• _EXERCISE INSTRUCTIONS_
Output only the lines below from the one holding "プーマ（PUMA）サッカーウェア ジュニア INDIVILIGA" down to the one holding "Glass Bottle Cutter New", both end lines included and every picture dropped.

• _MATERIAL FOR THE TASK_
■ ■ ■ ■ ■

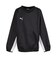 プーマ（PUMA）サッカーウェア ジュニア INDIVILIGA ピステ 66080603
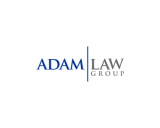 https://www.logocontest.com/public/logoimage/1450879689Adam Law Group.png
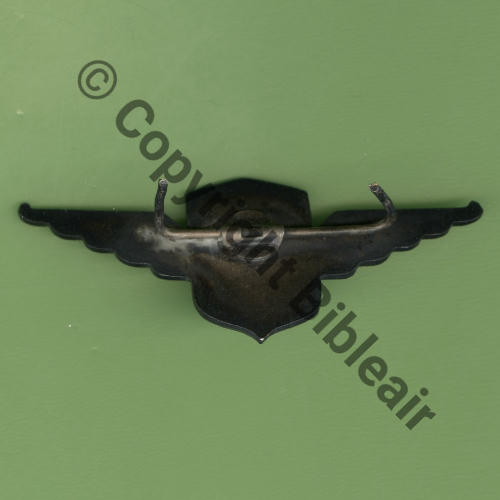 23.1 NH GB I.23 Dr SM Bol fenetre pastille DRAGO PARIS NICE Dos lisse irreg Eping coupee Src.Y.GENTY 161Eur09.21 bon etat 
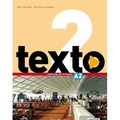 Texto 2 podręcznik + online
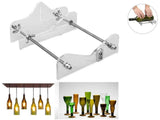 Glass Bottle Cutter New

■ ■ ■ ■ ■

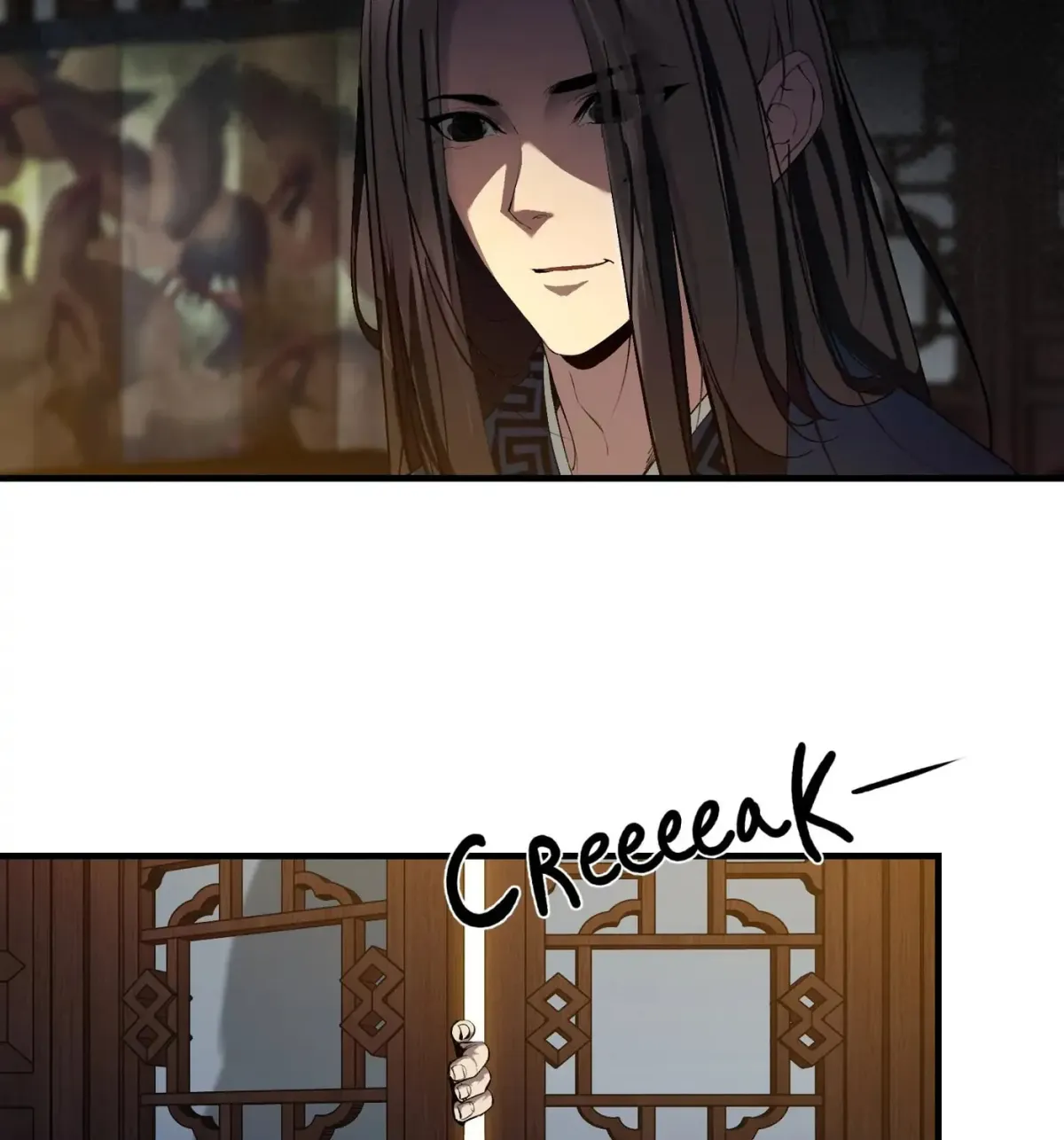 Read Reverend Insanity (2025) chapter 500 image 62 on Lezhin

■ ■ ■ ■ ■

• _YOUR RESPONSE_
 プーマ（PUMA）サッカーウェア ジュニア INDIVILIGA ピステ 66080603
 https://www.logocontest.com/public/logoimage/1450879689Adam Law Group.png
 23.1 NH GB I.23 Dr SM Bol fenetre pastille DRAGO PARIS NICE Dos lisse irreg Eping coupee Src.Y.GENTY 161Eur09.21 bon etat 
 Texto 2 podręcznik + online
 Glass Bottle Cutter New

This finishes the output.